**Exercise inputs:**
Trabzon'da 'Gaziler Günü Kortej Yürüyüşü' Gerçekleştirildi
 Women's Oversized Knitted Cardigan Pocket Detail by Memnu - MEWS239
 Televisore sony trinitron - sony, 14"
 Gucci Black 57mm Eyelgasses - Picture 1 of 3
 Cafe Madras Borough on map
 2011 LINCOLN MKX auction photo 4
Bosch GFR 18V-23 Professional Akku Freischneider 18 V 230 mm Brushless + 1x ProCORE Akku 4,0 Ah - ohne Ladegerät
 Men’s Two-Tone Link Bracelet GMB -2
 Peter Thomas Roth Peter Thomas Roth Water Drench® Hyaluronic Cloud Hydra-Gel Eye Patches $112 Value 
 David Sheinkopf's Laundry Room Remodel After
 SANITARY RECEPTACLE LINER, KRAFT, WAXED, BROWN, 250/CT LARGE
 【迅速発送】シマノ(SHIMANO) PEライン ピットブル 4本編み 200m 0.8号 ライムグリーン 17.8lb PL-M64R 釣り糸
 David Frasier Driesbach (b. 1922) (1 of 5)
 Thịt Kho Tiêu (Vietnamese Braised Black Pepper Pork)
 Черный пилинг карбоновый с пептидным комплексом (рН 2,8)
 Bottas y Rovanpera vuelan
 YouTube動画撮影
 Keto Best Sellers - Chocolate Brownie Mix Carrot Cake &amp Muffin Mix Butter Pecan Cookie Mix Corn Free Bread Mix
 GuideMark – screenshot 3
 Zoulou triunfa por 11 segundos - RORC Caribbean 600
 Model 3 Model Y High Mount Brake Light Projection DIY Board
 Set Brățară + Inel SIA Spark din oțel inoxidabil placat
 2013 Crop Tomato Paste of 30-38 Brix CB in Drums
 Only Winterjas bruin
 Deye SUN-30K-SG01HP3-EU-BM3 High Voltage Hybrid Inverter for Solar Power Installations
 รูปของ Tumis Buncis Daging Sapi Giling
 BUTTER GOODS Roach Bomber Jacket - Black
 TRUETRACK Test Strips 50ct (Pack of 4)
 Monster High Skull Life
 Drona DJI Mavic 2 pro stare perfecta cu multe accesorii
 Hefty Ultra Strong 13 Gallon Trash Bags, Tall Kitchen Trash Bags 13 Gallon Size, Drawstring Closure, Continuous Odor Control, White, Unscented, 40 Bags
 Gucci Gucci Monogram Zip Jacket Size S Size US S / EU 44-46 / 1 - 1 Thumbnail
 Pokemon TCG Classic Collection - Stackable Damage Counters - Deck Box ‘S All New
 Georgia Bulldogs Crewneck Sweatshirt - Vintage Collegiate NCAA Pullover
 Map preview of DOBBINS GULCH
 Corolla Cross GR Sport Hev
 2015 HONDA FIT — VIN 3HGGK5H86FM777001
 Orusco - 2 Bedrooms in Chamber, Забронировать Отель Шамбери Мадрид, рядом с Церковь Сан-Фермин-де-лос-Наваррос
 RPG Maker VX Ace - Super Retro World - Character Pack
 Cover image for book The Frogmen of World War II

**Work instructions:**
Every line of the records that includes the word "Black" should be gathered.

**Reply:**
 Gucci Black 57mm Eyelgasses - Picture 1 of 3
 Thịt Kho Tiêu (Vietnamese Braised Black Pepper Pork)
 BUTTER GOODS Roach Bomber Jacket - Black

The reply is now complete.